Oracle actually released 9.1 already in 2024. [1] And expect another release this month, and every quarter. So I think MySQL continues to get some new features bug fix and support like it used to. Contrary to most people think it is all going to Heatwave. I just hope Vector will be open source later as official to MySQL rather than behind Heatwaves.
[1] https://dev.mysql.com/doc/relnotes/mysql/9.1/en/news-9-1-0.h...
the_arun 8 days ago |
This person started with news on DB - reviewing all prominent DBs & finally ended talking about love of Larry Ellison. A perfect human in the days of LLMs. Amazing write up.
RedShift1 8 days ago |
I've been using plain postgres for over 5 years now, reading this I feel like I'm in the eye of a storm...
mebcitto 8 days ago |
A couple of spicy things:
> OtterTune. Dana, Bohan, and I worked on this research project and startup for almost a decade. And now it is dead. I am disappointed at how a particular company treated us at the end, so they are forever banned from recruiting CMU-DB students. They know who they are and what they did.
Ouch.
> Lastly, I want to give a shout-out to ByteBase for their article Database Tools in 2024: A Year in Review. In previous years, they emailed me asking for permission to translate my end-of-year database articles into Chinese for their blog. This year, they could not wait for me to finish writing this one, so they jocked my flow and wrote their own off-brand article with the same title and premise.
Also sounds like he's preparing a new company:
> I hope to announce our next start-up soon (hint: it’s about databases).
spprashant 8 days ago |
Anyone know what company he may be talking about?
C-programmer 8 days ago |
Inspect element on https://web.archive.org/web/20240827031455/https://ottertune...
For more context:
> I'm to sad to announce that @OtterTuneAI is officially dead. Our service is shutdown and we let everyone go today (1mo notice). I can't got into details of what happened but we got screwed over by a PE Postgres company on an acquisition offer. https://x.com/andy_pavlo/status/1801687420330770841
yencabulator 8 days ago |
Because that was a little too subtle and I was sufficiently curious:
view-source:https://web.archive.org/web/20240827031455/https://ottertune...
scroll until you see ASCII art
swyx 8 days ago |
needed that. https://en.wikipedia.org/wiki/EnterpriseDB note the PE's
spprashant 8 days ago |
Oh wow, didnt know pe-postgres-company had any negative rep.
Anyone care to explain how a company can screw another company via a acquisition offer?
senderista 8 days ago |
Well, there's a leading Postgres company which is owned by not one but two PE firms...
iso8859-1 8 days ago |
How do they enforce the ban?

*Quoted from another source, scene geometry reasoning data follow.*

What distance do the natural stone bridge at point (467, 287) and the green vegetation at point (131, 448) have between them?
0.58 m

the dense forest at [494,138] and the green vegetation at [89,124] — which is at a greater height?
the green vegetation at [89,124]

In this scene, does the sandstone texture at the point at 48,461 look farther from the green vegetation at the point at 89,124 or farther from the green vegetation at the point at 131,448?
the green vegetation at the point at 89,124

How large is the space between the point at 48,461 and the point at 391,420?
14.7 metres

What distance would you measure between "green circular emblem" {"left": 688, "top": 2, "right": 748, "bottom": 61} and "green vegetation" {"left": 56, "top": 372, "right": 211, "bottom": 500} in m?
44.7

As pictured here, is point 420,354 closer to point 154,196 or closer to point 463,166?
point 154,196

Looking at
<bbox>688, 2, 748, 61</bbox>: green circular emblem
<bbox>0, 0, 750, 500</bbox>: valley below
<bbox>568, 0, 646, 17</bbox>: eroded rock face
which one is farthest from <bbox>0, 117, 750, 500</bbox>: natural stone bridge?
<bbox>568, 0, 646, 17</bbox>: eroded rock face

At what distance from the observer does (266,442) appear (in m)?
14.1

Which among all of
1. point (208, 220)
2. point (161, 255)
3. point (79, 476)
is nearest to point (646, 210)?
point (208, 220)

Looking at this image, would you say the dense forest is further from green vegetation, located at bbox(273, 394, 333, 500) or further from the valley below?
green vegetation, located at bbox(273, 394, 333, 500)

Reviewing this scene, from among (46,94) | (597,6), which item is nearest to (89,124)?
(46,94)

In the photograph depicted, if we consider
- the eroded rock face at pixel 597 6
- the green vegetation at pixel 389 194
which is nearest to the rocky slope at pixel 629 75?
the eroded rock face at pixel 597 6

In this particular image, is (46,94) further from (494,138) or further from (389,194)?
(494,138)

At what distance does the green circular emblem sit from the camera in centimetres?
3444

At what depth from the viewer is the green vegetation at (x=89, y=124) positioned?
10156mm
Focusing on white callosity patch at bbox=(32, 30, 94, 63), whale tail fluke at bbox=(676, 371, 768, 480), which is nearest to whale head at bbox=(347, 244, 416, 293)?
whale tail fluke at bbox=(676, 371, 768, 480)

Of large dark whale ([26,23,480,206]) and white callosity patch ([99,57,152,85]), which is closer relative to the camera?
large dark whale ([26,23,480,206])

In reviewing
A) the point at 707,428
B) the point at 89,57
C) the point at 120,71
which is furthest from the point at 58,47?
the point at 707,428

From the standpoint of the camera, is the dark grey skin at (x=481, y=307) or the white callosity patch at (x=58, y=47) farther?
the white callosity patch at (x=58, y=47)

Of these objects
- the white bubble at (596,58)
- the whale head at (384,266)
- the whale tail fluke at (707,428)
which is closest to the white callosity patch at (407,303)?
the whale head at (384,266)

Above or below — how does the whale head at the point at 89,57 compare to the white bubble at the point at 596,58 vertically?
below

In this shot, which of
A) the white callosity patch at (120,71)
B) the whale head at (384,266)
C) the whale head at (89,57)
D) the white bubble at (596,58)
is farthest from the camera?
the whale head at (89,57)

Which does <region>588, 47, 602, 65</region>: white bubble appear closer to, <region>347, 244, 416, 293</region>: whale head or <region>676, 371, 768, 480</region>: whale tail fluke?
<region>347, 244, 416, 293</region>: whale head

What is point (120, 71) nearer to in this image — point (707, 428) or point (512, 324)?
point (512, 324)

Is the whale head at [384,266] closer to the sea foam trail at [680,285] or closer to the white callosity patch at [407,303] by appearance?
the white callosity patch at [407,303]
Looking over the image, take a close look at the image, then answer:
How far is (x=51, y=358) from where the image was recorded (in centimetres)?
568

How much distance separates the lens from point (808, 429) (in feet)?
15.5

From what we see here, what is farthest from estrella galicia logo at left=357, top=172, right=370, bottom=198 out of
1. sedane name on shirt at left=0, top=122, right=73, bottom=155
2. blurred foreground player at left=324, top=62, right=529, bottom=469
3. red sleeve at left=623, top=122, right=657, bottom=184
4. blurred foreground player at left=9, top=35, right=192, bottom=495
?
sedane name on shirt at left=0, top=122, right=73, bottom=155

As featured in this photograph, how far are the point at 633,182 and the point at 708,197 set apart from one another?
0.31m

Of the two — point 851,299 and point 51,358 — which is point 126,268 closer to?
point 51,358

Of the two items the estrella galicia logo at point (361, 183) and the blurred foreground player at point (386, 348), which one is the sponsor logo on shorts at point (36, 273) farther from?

Do universities have non-compete clauses for PhD students?
mebcitto 8 days ago |
I assume it's not that kind of ban, but more like he'll recommend his students to avoid the company.
lmwnshn 8 days ago |
Pretty much. Plus, from my perspective - if a company is willing to screw over your advisor/professor, you know that they won't hesitate to screw you over too.
mastax 8 days ago |
I think that just means they aren’t allowed at career fairs etc.
mrtimo 8 days ago |
Enjoyed his roundup in the "Shoving Ducks into Everything" section.
DuckDB is a great tool. In April 2020, the creator of DuckDB gave a talk at CMU. In the beginning he makes a convincing argument (in 5 minutes) why data scientists don't use RDBMS and how this was the genesis of DuckDB. Here is a video that starts 3 minutes into the talk (where is argument starts): https://youtu.be/PFUZlNQIndo?si=ql9n2QuBlAEuGIqo&t=204
dig1 8 days ago |
> There was no major effort to fork off MongoDB, Neo4j, Kafka, or CockroachDB when they announced their license changes.
AFAIK people didn't take MongoDB seriously from the start, especially with the "web scale database" joke circulating. The Neo4j Community version has been under GPLv3 for quite some time, while the Enterprise version has always been somewhat closed, regardless of whether the source code was available on GitHub (the mentioned license change affected the Enterprise version).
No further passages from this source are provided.